I am a regular commuter to and from work and wherever. Taking the bus from my place seems to be nothing but a daily routine for me, despite the fact that we have a “vintage” car that is still serviceable (but can’t be used outside the village since I still don’t know how to drive though I’m already planning to explore the art, but don’t make me suggest going into one of those profit-greedy driving schools ’round town), and since my college days it has been part of my life that even when I’m so tired I tend to sleep even to the point of going beyond my point of drop-off.
While on my way to work after attending the Ash Wednesday service at that church just outside Alabang Town Center (yeah it’s that time of the year where the priest would say “Turn away your sins” or “Magbalik-loob ka sa Diyos” while marking your forhead with ashes from burnt palms), there was this Afro pastor who has adopted the practice of local street preachers hopping buses and preaching the Word of God to the passengers. Heck, I didn’t notice that he was already speaking until the bus set in motion after a 15-minute lull at the termina when I first hopped into it.
The message is apt, yeah, we need to turn away from sinful ways and discover the saving grace of Jesus Christ, for the end is near. That was the central theme of his sermon to the passengers (though his accent sounded close to that of an Afro dude), and at least I was able to digest it even if my actual attention that time was trying to keep my eyes shut during the trip and paying attention to that mostalgia-themed FM radio show heard Wednesday nights.

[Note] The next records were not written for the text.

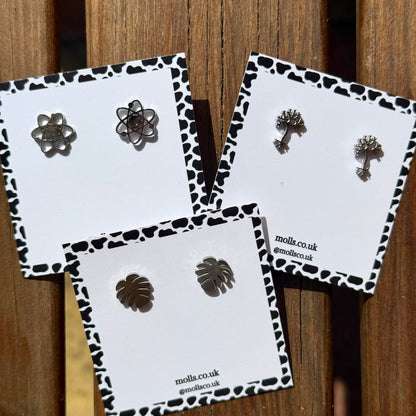 Mental Health Stud Earrings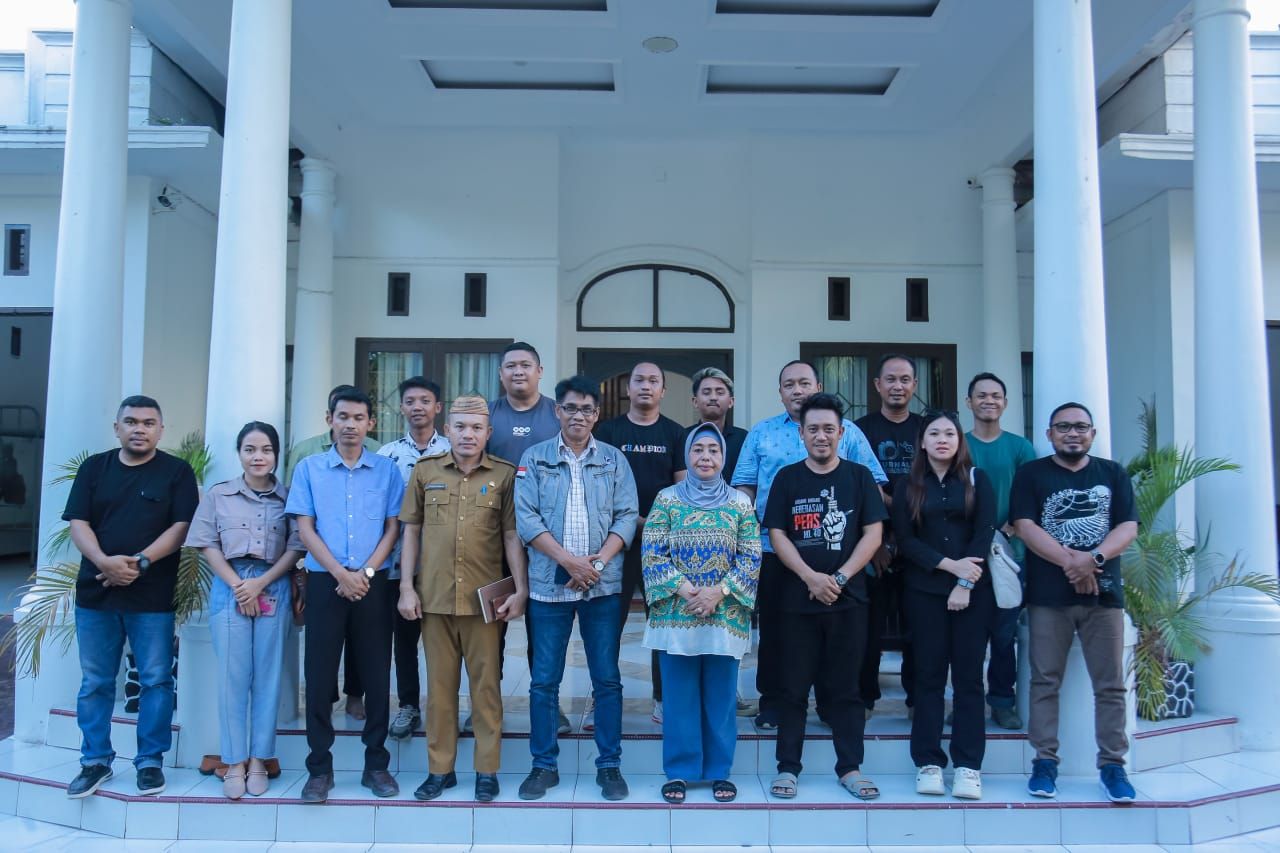 Plt Bupati Suharsi Igirisa Dukung PJS Penuhi Syarat Jadi Konstituen Dewan Pers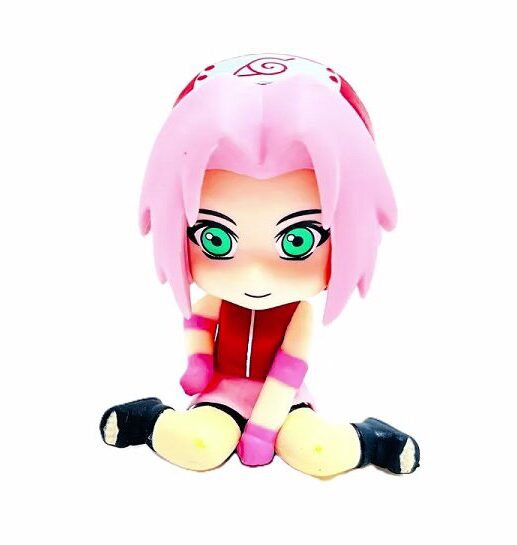 اکشن فیگور ساکورا انیمه ناروتو sakura naruto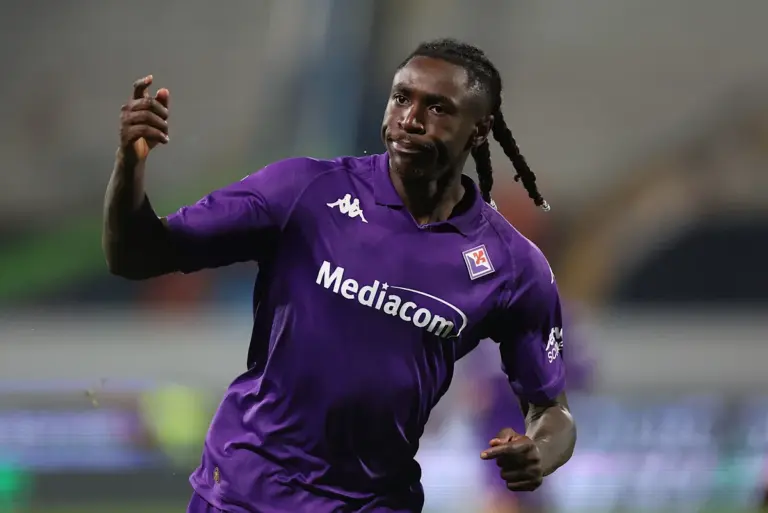 Como in Talks with Fiorentina Over Moise Kean Move
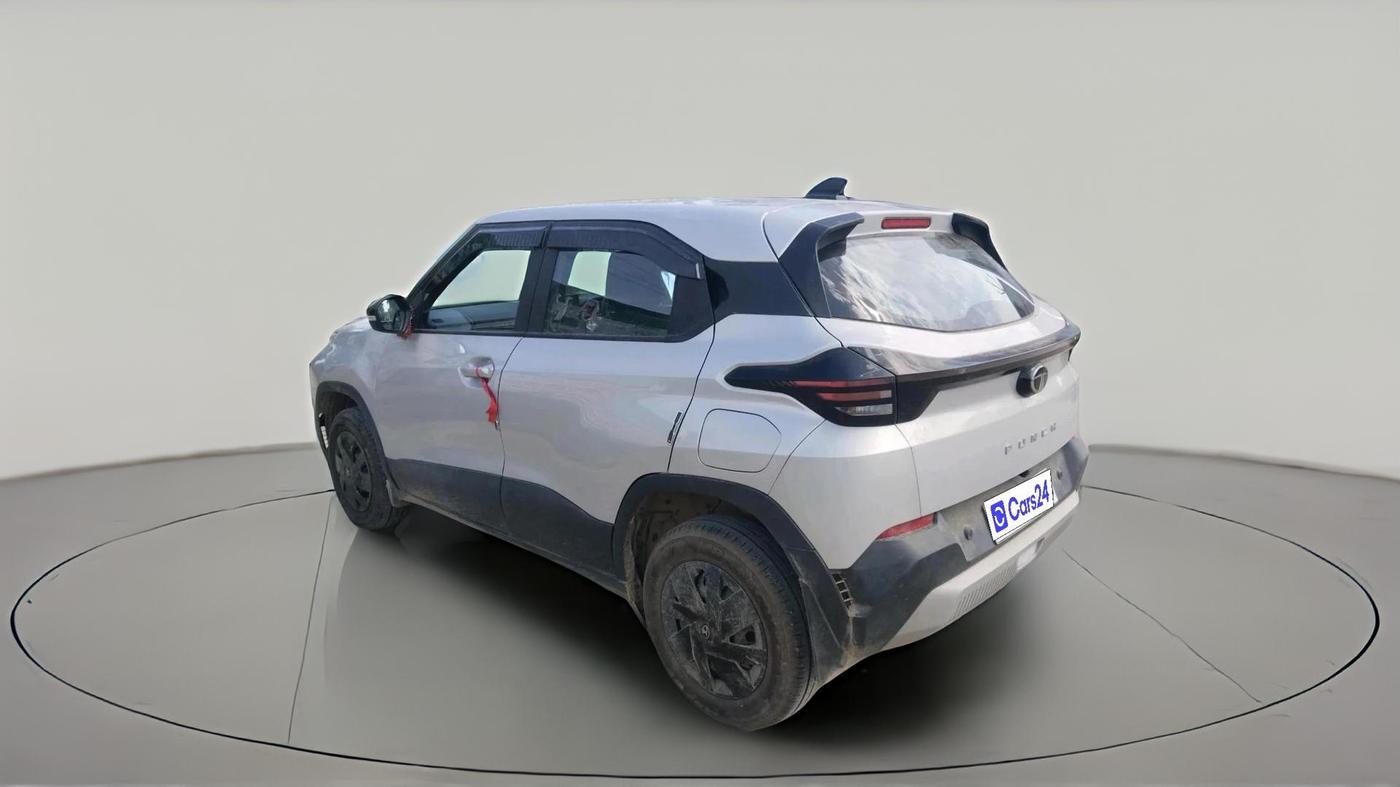 2026 Tata PUNCH Pure Plus AMT, Petrol, Automatic, 1,912 km, exterior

Of course, after the message, what comes next would be the collection part, as is with what most preachers do. He would approach the passenger at every aisle asking for those love offerings and when he aproached the area where I was at, the bus conductor was also about to collect my payment for the ride. Thinking that it would take long for the conductor to ask for my fare and that the Bible-thumping dude would come first ahead of the conductor, I quickly closed my eyes, pretending to sleep. Lo and behold, he was somewhat shoving an envelope in my hand, a signal that I must donate money. I just ignored him after several attempts for me to hand him money “for a good cause”.
And then when I was paying the bus fare to the conductor dude, this preacher gave me a dagger look — he saw that I was paying PhP100 to the conductor, and apparently he did it because I didn’t even give him a single cent. Like he must have marked me as someone who’s Hell-bound just because I wasn’t a cheerful giver, so they say…
Oh well. This preacher doesn’t know that I don’t part my precious centavo to them (profit-greedy as they are) as they give you a poker face if you on’t give to their cause. I’m sure God won’t be happy with them as well.